Description of the task » Write out the data exactly as given, dropping every picture.

Dataset excerpt »
[Start of section]

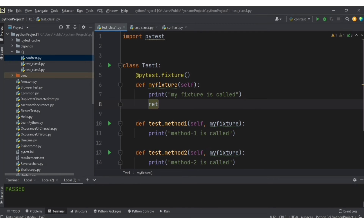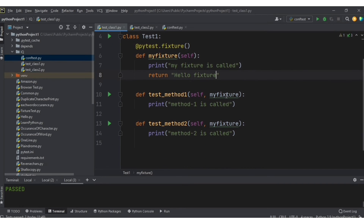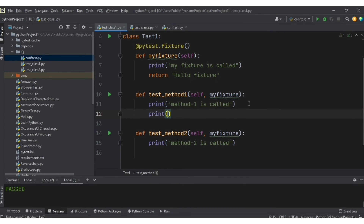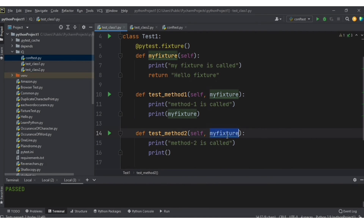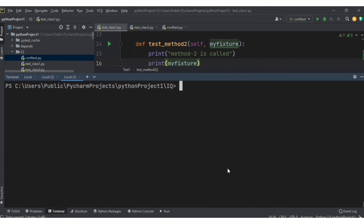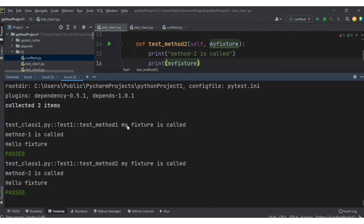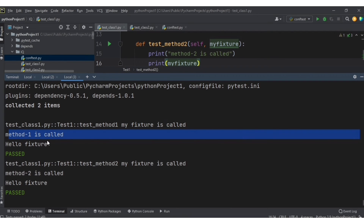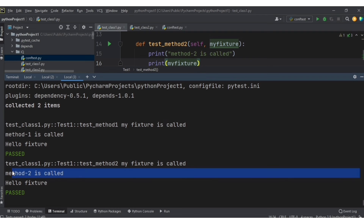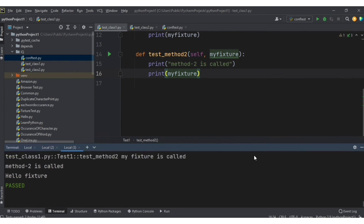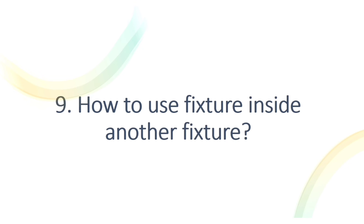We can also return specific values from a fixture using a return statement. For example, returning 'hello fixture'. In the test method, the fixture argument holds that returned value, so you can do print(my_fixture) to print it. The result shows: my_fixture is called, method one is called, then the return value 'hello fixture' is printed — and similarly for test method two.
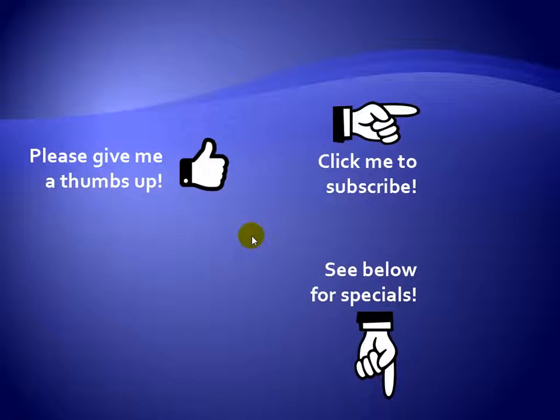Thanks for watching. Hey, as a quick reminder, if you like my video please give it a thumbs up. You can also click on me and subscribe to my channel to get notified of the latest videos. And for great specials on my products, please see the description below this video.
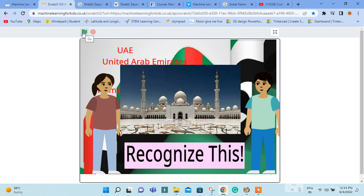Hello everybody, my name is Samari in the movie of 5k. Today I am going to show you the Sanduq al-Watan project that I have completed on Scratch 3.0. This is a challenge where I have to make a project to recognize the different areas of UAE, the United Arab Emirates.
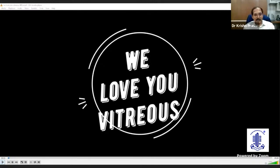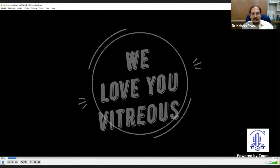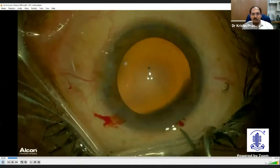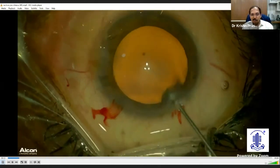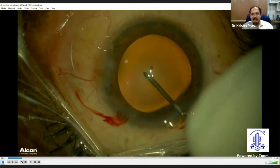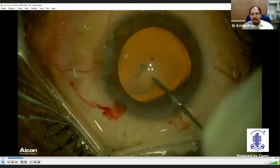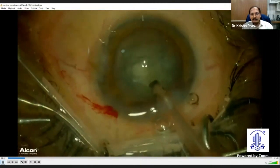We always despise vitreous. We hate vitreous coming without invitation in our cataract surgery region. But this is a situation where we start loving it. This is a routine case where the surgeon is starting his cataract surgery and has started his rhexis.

[End of section]

Expected answer »
We can also return specific values from a fixture using a return statement. For example, returning 'hello fixture'. In the test method, the fixture argument holds that returned value, so you can do print(my_fixture) to print it. The result shows: my_fixture is called, method one is called, then the return value 'hello fixture' is printed — and similarly for test method two.
Thanks for watching. Hey, as a quick reminder, if you like my video please give it a thumbs up. You can also click on me and subscribe to my channel to get notified of the latest videos. And for great specials on my products, please see the description below this video.
Hello everybody, my name is Samari in the movie of 5k. Today I am going to show you the Sanduq al-Watan project that I have completed on Scratch 3.0. This is a challenge where I have to make a project to recognize the different areas of UAE, the United Arab Emirates.
We always despise vitreous. We hate vitreous coming without invitation in our cataract surgery region. But this is a situation where we start loving it. This is a routine case where the surgeon is starting his cataract surgery and has started his rhexis.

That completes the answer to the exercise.